Work order:
Your task is to copy the lines of the data below from the line holding "baby's yellow footed" through the line holding "Building Photo - 6206 Lyndhurst Dr", inclusive, exactly and with nothing added.

··· Provided records

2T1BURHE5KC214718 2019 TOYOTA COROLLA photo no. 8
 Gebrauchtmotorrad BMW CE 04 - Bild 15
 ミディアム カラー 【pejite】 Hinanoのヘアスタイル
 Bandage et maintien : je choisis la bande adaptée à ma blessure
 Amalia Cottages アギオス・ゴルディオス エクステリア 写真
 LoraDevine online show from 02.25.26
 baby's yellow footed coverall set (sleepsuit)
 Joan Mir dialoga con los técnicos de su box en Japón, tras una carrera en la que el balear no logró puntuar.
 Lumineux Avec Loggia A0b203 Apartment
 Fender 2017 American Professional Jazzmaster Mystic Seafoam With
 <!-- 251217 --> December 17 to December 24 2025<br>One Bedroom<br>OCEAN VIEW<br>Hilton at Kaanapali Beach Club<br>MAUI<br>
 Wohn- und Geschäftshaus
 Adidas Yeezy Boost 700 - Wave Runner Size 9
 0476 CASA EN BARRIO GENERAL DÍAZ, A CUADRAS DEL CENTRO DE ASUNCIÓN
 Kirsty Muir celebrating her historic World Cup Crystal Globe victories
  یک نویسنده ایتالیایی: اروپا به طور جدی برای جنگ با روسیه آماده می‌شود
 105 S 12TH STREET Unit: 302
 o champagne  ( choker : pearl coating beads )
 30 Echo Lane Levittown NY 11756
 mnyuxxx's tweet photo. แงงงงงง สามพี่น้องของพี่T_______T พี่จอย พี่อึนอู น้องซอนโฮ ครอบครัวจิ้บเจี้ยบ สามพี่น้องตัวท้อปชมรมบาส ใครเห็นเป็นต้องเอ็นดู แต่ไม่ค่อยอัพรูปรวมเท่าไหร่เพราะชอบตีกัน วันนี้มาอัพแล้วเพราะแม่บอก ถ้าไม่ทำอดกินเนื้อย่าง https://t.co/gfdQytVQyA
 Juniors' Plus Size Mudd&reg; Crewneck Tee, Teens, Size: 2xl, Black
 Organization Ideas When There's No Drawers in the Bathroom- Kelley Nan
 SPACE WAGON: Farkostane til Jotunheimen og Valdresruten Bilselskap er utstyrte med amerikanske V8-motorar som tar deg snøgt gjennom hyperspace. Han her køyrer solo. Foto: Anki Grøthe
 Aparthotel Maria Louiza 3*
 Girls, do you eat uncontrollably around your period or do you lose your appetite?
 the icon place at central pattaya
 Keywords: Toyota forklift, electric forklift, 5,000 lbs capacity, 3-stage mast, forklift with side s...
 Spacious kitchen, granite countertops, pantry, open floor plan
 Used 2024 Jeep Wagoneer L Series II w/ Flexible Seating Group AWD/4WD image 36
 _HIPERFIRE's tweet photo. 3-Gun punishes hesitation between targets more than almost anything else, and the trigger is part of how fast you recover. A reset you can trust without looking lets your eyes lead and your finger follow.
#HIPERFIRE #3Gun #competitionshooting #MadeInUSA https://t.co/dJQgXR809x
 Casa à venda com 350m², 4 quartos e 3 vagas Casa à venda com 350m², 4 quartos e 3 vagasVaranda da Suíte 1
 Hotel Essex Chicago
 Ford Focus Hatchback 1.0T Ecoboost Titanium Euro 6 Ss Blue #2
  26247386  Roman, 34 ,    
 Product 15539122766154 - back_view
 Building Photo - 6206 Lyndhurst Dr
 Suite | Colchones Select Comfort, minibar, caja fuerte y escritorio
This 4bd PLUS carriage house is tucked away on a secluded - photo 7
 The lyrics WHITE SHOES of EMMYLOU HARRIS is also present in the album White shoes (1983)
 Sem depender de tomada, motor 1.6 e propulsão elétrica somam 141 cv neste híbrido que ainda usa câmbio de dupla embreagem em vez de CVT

······

Task solution:
 baby's yellow footed coverall set (sleepsuit)
 Joan Mir dialoga con los técnicos de su box en Japón, tras una carrera en la que el balear no logró puntuar.
 Lumineux Avec Loggia A0b203 Apartment
 Fender 2017 American Professional Jazzmaster Mystic Seafoam With
 <!-- 251217 --> December 17 to December 24 2025<br>One Bedroom<br>OCEAN VIEW<br>Hilton at Kaanapali Beach Club<br>MAUI<br>
 Wohn- und Geschäftshaus
 Adidas Yeezy Boost 700 - Wave Runner Size 9
 0476 CASA EN BARRIO GENERAL DÍAZ, A CUADRAS DEL CENTRO DE ASUNCIÓN
 Kirsty Muir celebrating her historic World Cup Crystal Globe victories
  یک نویسنده ایتالیایی: اروپا به طور جدی برای جنگ با روسیه آماده می‌شود
 105 S 12TH STREET Unit: 302
 o champagne  ( choker : pearl coating beads )
 30 Echo Lane Levittown NY 11756
 mnyuxxx's tweet photo. แงงงงงง สามพี่น้องของพี่T_______T พี่จอย พี่อึนอู น้องซอนโฮ ครอบครัวจิ้บเจี้ยบ สามพี่น้องตัวท้อปชมรมบาส ใครเห็นเป็นต้องเอ็นดู แต่ไม่ค่อยอัพรูปรวมเท่าไหร่เพราะชอบตีกัน วันนี้มาอัพแล้วเพราะแม่บอก ถ้าไม่ทำอดกินเนื้อย่าง https://t.co/gfdQytVQyA
 Juniors' Plus Size Mudd&reg; Crewneck Tee, Teens, Size: 2xl, Black
 Organization Ideas When There's No Drawers in the Bathroom- Kelley Nan
 SPACE WAGON: Farkostane til Jotunheimen og Valdresruten Bilselskap er utstyrte med amerikanske V8-motorar som tar deg snøgt gjennom hyperspace. Han her køyrer solo. Foto: Anki Grøthe
 Aparthotel Maria Louiza 3*
 Girls, do you eat uncontrollably around your period or do you lose your appetite?
 the icon place at central pattaya
 Keywords: Toyota forklift, electric forklift, 5,000 lbs capacity, 3-stage mast, forklift with side s...
 Spacious kitchen, granite countertops, pantry, open floor plan
 Used 2024 Jeep Wagoneer L Series II w/ Flexible Seating Group AWD/4WD image 36
 _HIPERFIRE's tweet photo. 3-Gun punishes hesitation between targets more than almost anything else, and the trigger is part of how fast you recover. A reset you can trust without looking lets your eyes lead and your finger follow.
#HIPERFIRE #3Gun #competitionshooting #MadeInUSA https://t.co/dJQgXR809x
 Casa à venda com 350m², 4 quartos e 3 vagas Casa à venda com 350m², 4 quartos e 3 vagasVaranda da Suíte 1
 Hotel Essex Chicago
 Ford Focus Hatchback 1.0T Ecoboost Titanium Euro 6 Ss Blue #2
  26247386  Roman, 34 ,    
 Product 15539122766154 - back_view
 Building Photo - 6206 Lyndhurst Dr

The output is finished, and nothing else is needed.